# Exercise data
***
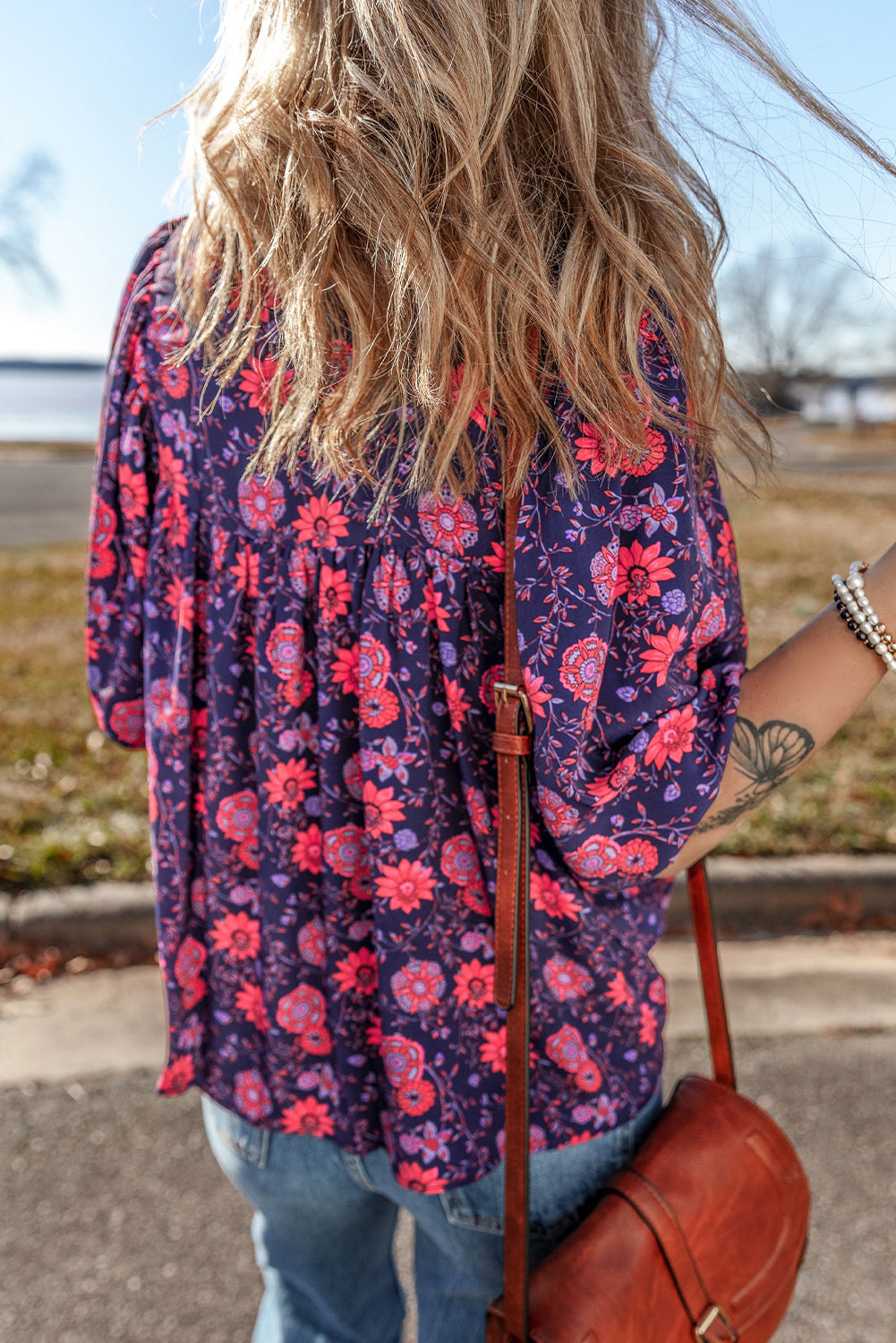 Purple Floral Half Sleeve Split Neck Blouse Top Blouses & Shirts JT's Designer Fashion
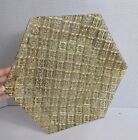 Vintage Retro George Briard Iberia Glass 22k Gold Gilt Hexagonal Snack Platter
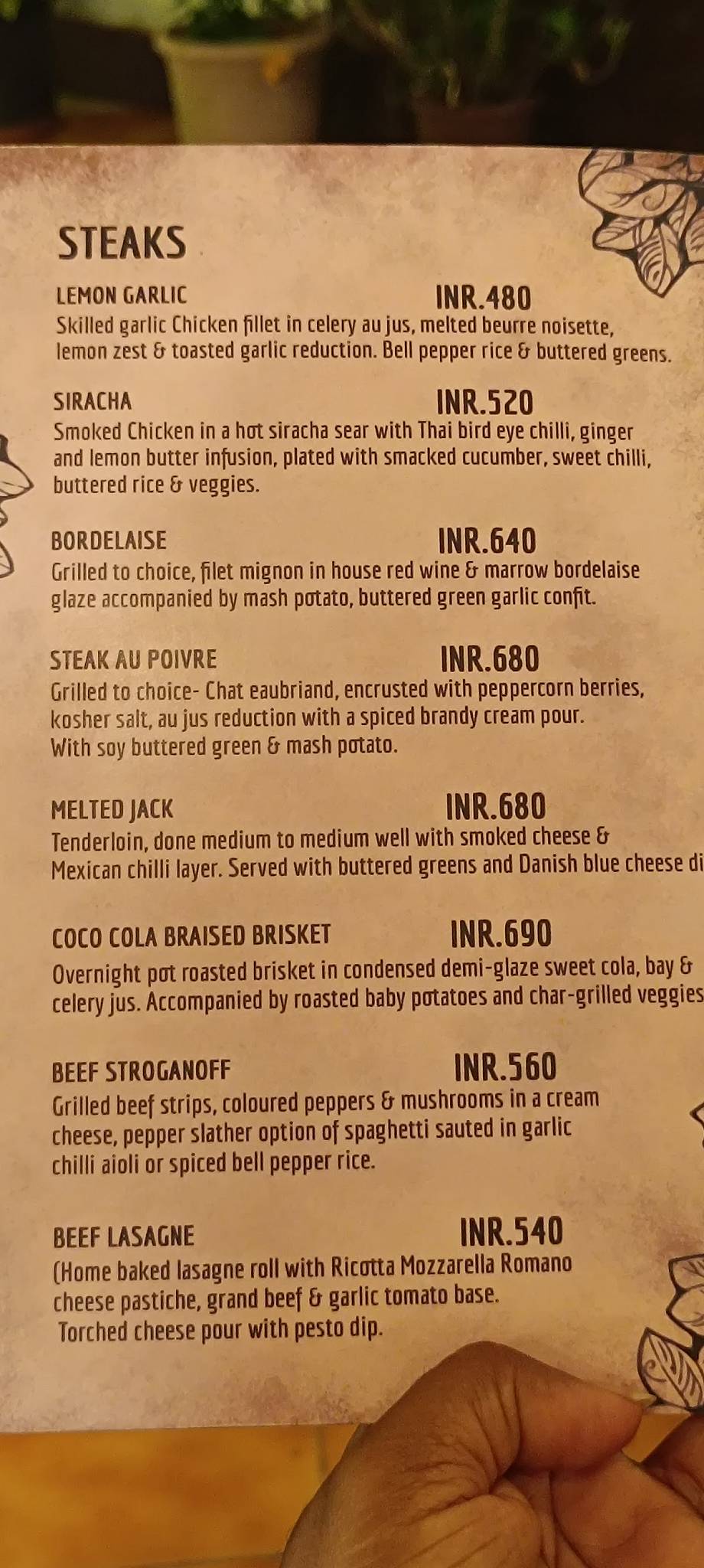 Entree menu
***
# Work task
The answer should consist of every line above, exact and free of images.

# Task answer
 Purple Floral Half Sleeve Split Neck Blouse Top Blouses & Shirts JT's Designer Fashion
 Vintage Retro George Briard Iberia Glass 22k Gold Gilt Hexagonal Snack Platter
 Entree menu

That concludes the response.